Quadrupole and scissors modes and nonlinear mode coupling in trapped two-component Bose-Einstein condensates

We theoretically investigate quadrupolar collective excitations in two-component Bose-Einstein condensates and their nonlinear dynamics associated with harmonic generation and mode coupling. Under the Thomas-Fermi approximation and the quadratic polynomial ansatz for density fluctuations, the linear analysis of the superfluid hydrodynamic equations predicts excitation frequencies of three normal modes constituted from monopole and quadrupole oscillations, and those of three scissors modes. These six modes are bifurcated into in-phase and out-of-phase modes by the intercomponent interaction, yielding the nonlinear dynamics that are absent in a single-component condensate. We obtain analytically the resonance conditions for the second-harmonic generation in terms of the trap aspect ratio and the strength of intercomponent interaction. The numerical simulation of the coupled Gross-Pitaevskii equations vindicates the validity of the analytical results and reveals the dynamics of the second-harmonic generation and nonlinear mode coupling that lead to nonlinear oscillations of the condensate with damping and recurrence reminiscent of the Fermi-Pasta-Ulam problem.

Figure 1

Schematic representation of the quadrupole and scissors modes of two-component BECs. Oscillations of component 1 are indicated by solid arrows and those of component 2 by dashed arrows.

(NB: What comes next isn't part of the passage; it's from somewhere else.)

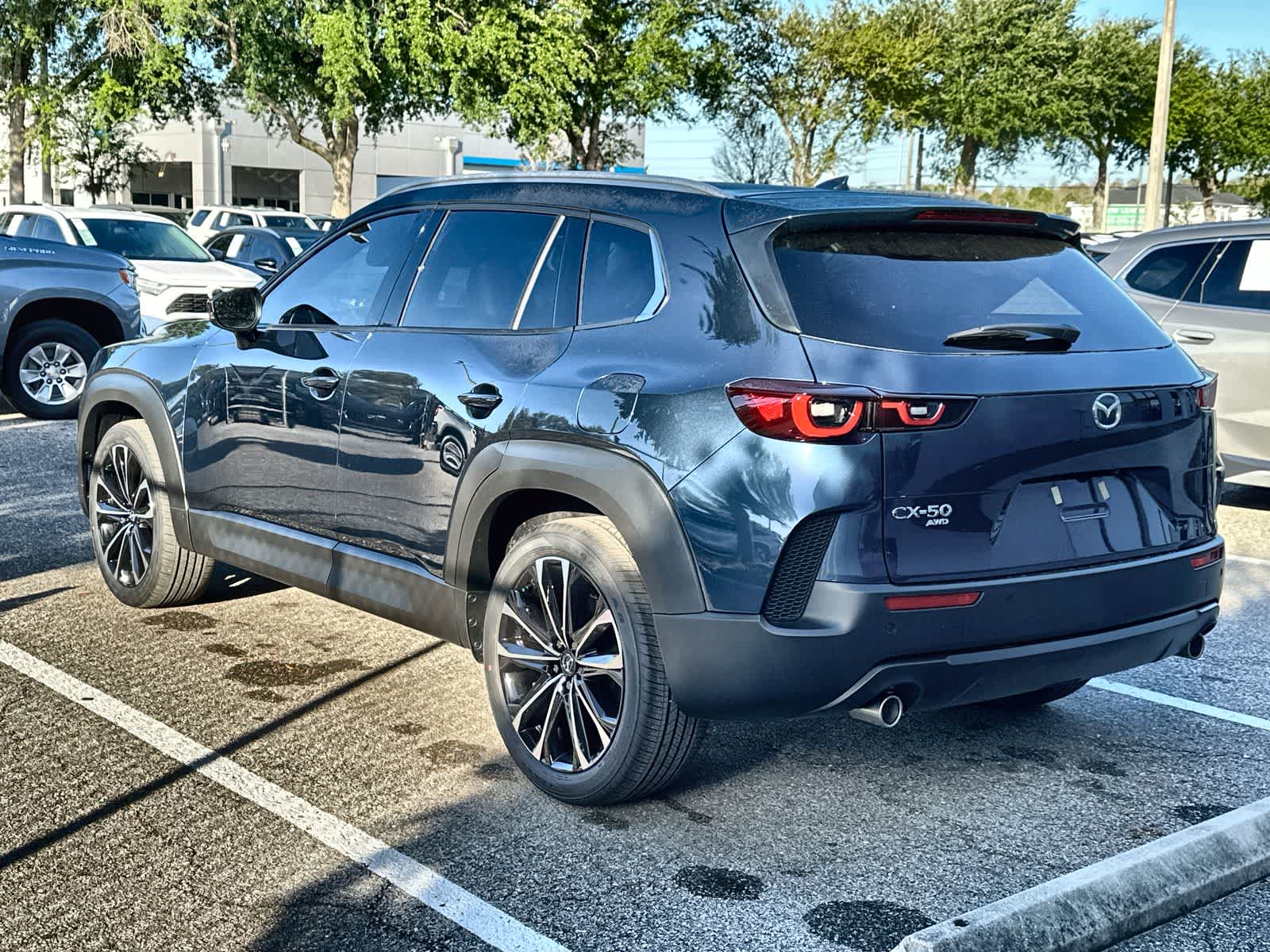Thumbnail: 2026 Mazda CX-50 - 6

Mode coupling processes listed in Table I are also shown.

Figure 2

$a_{12}∕a_1$ dependences of the 12 collective normal modes obtained from Eq. (13) for the parameter $a_1=a_2$, $\lambda =\sqrt{8}$, and (a) $m_2=m_1$ and (b) $m_2=0.75m_1$. Each mode splits into the in-phase mode (thin curves) and the out-of-phase mode (dashed curves) for $a_{12}\ne 0$. In (a), the numerically obtained frequencies are plotted by open symbols (for in-phase) and filled symbols (for out-of -phase). As explained in Sec. 4B, the reduction to a two-dimensional system changes the frequencies of the $m=0$ low- and high-lying modes; for $\lambda =\sqrt{8}$ their values become small from those of Eqs. (20) by 10% for the low-lying mode and $1\%$ for the high-lying mode.

Figure 3

Conditions of the second-harmonic resonance in the parameter space of $\lambda$ and $\delta a=\left(a_1-a_{12}\right)\left(a_2-a_{12}\right)∕\left(a_{11}{a}_{22}-a_{12}^2\right)$. The mode couplings between two diagonal quadrupole modes are shown in (a), and those between a diagonal quadrupole mode and a scissors mode in (b).

Figure 4

Time development of (a) ${⟨x^2⟩}_{1,2}$ and (b) ${⟨y^2⟩}_{1,2}$, showing the mode-coupling process of (VI). The parameters used are $a_{12}∕a_1=0.665$, $\lambda =\sqrt{8}$, and modulation factor $ϵ=0.05$.

Figure 5

(a) Time development of ${⟨xy⟩}_1$, ${⟨x^2⟩}_1-{⟨x^2⟩}_1^{\left(0\right)}$, and ${⟨y^2⟩}_1-{⟨y^2⟩}_1^{\left(0\right)}$, where ${⟨⟩}^{\left(0\right)}$ represents the initial value, showing the mode-coupling process of (IX). The parameter values are $a_{12}∕a_{11}=0.240$, $\lambda =\sqrt{8}$, and modulation factor $ϵ=0.2$. (b) An enlarged view of (a) for the time interval [0,40].